After he learned that he was
living proof the massacre, Oscar applied for political asylum. A decision is
pending. He met in recent months with a prosecution team from the U.S. Department
of Justice and is prepared to tell his story as a witness against Sosa,
according to his lawyer, R. Scott Greathead.
“Oscar is ready to provide
them with whatever assistance they need,” said Greathead. “The Sosa prosecution
is very significant. It represents an important law enforcement effort on the
part of the U.S. government to punish human rights abusers who make false
representations to the U.S. government to get asylum and citizenship.”
A key eyewitness will
likely be Santos Lopez Alonzo, a former member of the commando unit. Alonzo
abducted and raised a 5-year-old boy from Dos Erres who, like Oscar, had survived
the attack. Alonzo migrated illegally to Texas, where he was arrested in 2010
for illegal re-entry after deportation and offered to testify against other Dos
Erres suspects, according to court documents. He was sentenced to time served
and is in federal custody as a material witness, according to court documents.
The prosecution’s
approach to the Sosa case resembles the investigation of Gilberto Jordan, a
former commando who was tracked down in Florida by ICE agents in 2010. Jordan
confessed his role in the massacre and pleaded guilty to similar immigration
charges. Jordan received the maximum 10-year sentence and is serving time in
federal prison.
U.S. authorities
deported to Guatemala another former commando who was arrested in California. He
became one of five suspects in the case who were convicted by Guatemalan
courts. Seven suspects, including the two senior officers in the unit, remain
at large.
The suspects
were first charged in Guatemala in 2000, but the case remained in limbo because
of legal appeals and political resistance by the powerful armed forces.
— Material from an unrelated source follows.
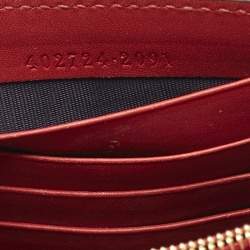 مملوكة مسبقًا Gucci Beige/Blue Blooms GG Supreme Canvas Wallet On Chain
The hunt
for the killers in Guatemala and the United States
began in earnest in 2010 as the result of a ruling by the Inter-American Court
of Human Rights and the appointment of Attorney General Claudia Paz y Paz, who
has aggressively pursued war crimes and corruption.
Dos Erres is the first massacre of the
civil war to result in convictions in Guatemala. It has become a test of the
capacity of that nation’s embattled justice system to confront impunity and
lawlessness. Prosecutors have also charged Gen. Efrain Rios Montt, Guatemala’s
former dictator, in the Dos Erres case.